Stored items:
Start of Block

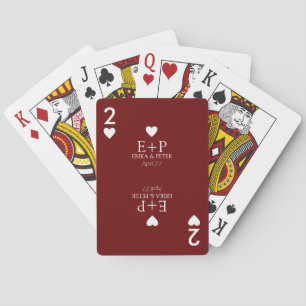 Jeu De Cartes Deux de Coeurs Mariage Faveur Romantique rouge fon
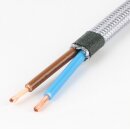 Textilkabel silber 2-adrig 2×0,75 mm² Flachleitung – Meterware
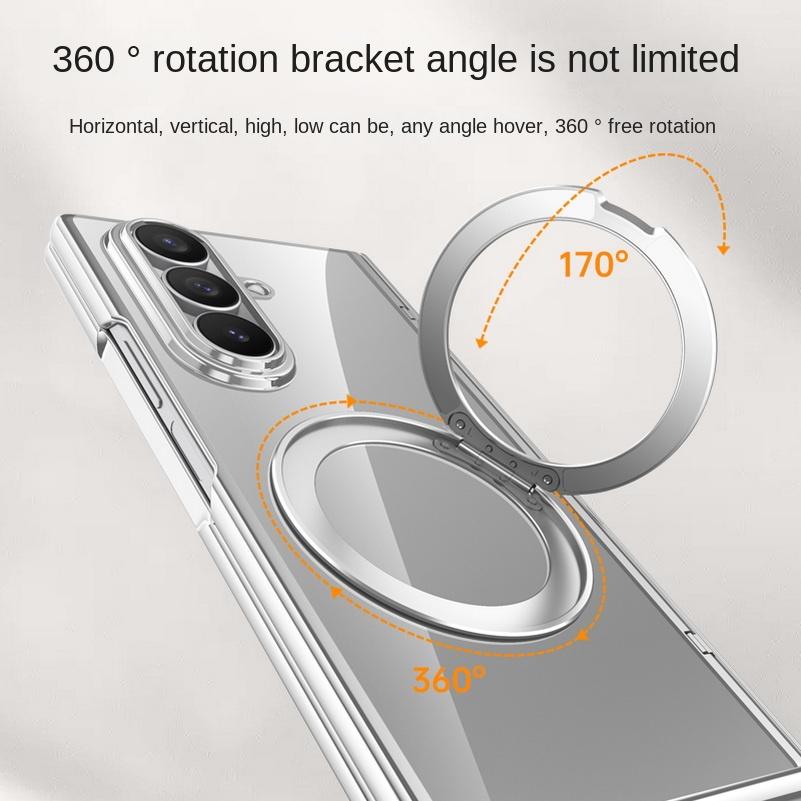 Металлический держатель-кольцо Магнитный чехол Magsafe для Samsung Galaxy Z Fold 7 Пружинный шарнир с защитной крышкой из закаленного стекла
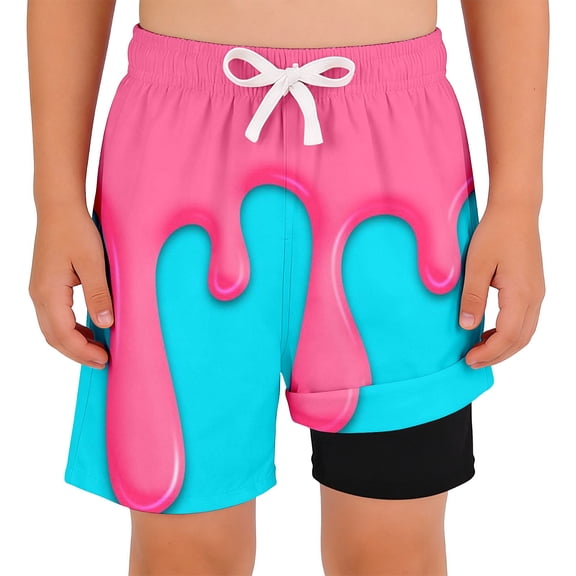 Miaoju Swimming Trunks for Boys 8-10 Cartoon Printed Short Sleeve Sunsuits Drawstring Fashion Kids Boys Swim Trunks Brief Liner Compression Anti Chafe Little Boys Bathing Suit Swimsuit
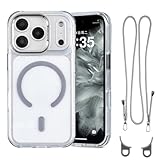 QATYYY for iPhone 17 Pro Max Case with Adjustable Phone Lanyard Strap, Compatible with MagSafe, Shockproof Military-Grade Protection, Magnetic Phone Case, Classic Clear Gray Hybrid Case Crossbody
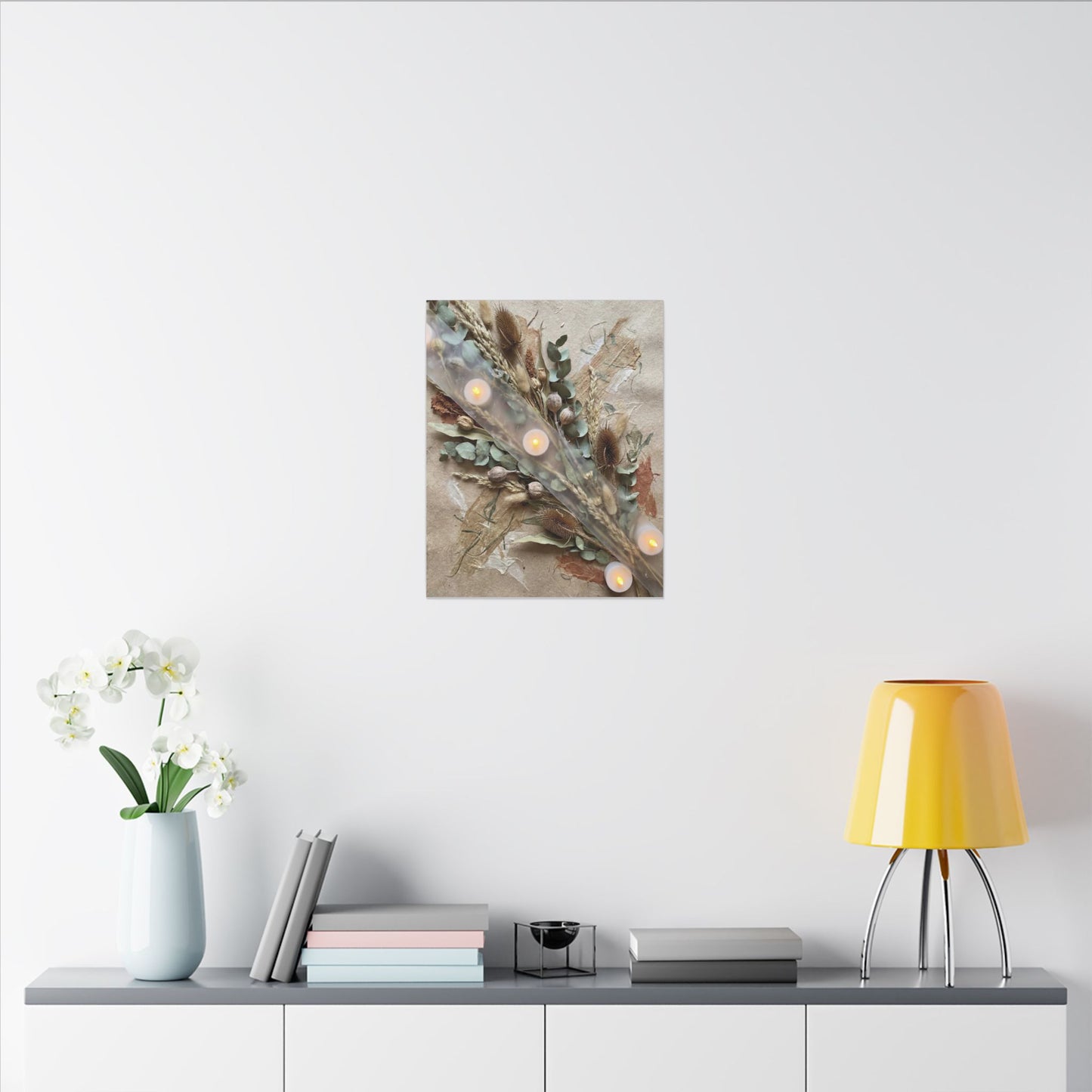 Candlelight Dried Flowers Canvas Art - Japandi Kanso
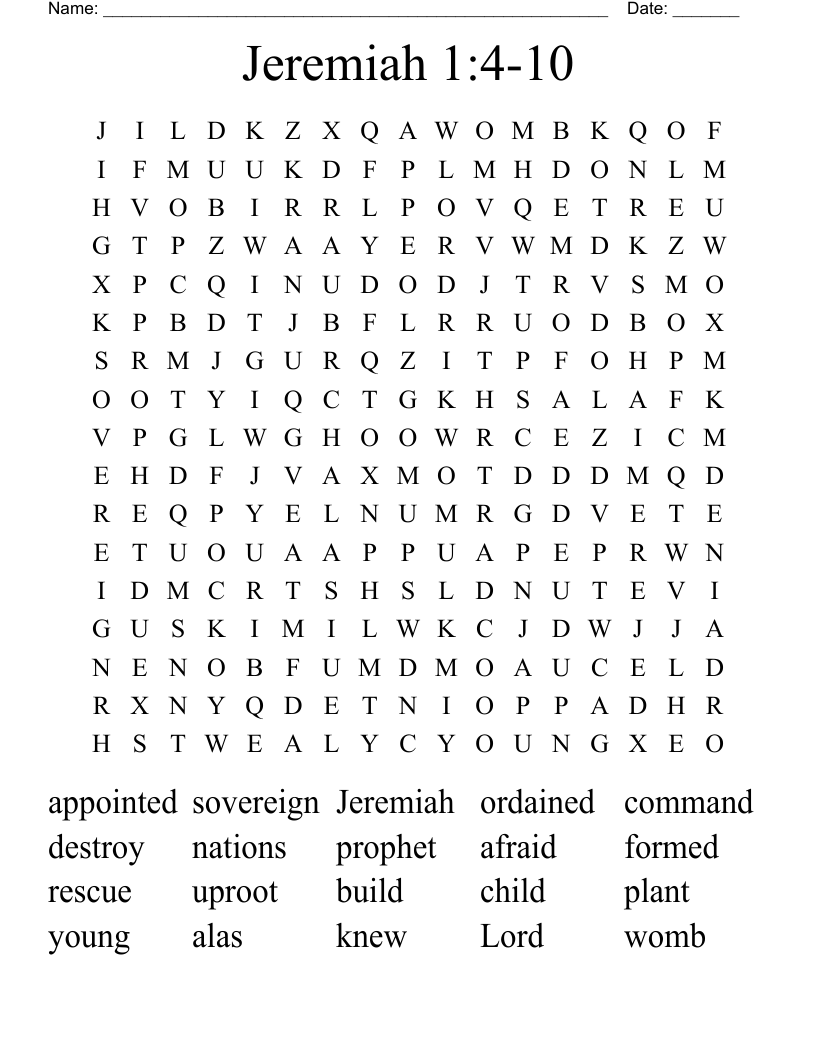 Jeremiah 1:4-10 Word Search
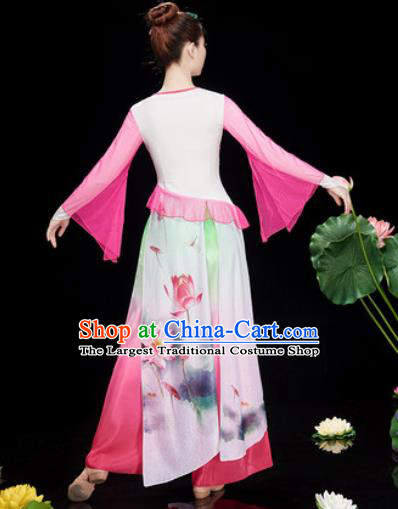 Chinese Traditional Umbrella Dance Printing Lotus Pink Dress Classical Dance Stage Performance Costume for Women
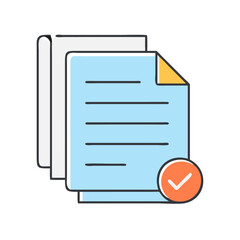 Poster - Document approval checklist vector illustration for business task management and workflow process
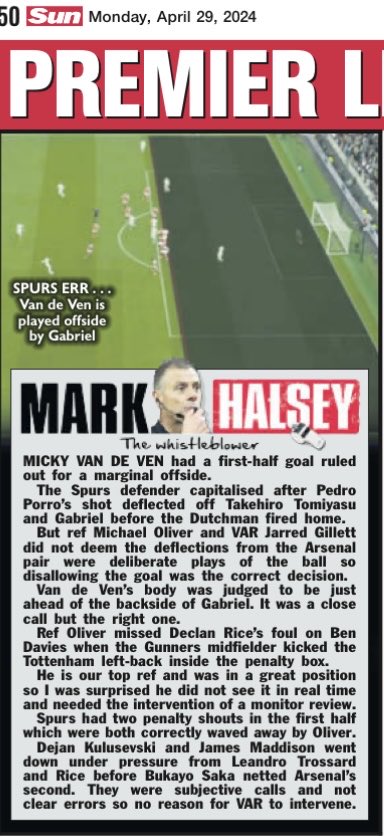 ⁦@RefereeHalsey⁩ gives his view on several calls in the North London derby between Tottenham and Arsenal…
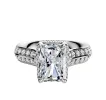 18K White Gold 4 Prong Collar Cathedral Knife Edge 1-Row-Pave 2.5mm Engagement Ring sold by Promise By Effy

End of Block

Exact copy, no pictures: reproduce every record as it stands.

# REPLY TO THE TASK
 Jeu De Cartes Deux de Coeurs Mariage Faveur Romantique rouge fon
 Textilkabel silber 2-adrig 2×0,75 mm² Flachleitung – Meterware
 Металлический держатель-кольцо Магнитный чехол Magsafe для Samsung Galaxy Z Fold 7 Пружинный шарнир с защитной крышкой из закаленного стекла
 Miaoju Swimming Trunks for Boys 8-10 Cartoon Printed Short Sleeve Sunsuits Drawstring Fashion Kids Boys Swim Trunks Brief Liner Compression Anti Chafe Little Boys Bathing Suit Swimsuit
 QATYYY for iPhone 17 Pro Max Case with Adjustable Phone Lanyard Strap, Compatible with MagSafe, Shockproof Military-Grade Protection, Magnetic Phone Case, Classic Clear Gray Hybrid Case Crossbody
 Candlelight Dried Flowers Canvas Art - Japandi Kanso
 Jeremiah 1:4-10 Word Search
 Chinese Traditional Umbrella Dance Printing Lotus Pink Dress Classical Dance Stage Performance Costume for Women
 Poster - Document approval checklist vector illustration for business task management and workflow process
 ⁦@RefereeHalsey⁩ gives his view on several calls in the North London derby between Tottenham and Arsenal…
 18K White Gold 4 Prong Collar Cathedral Knife Edge 1-Row-Pave 2.5mm Engagement Ring sold by Promise By Effy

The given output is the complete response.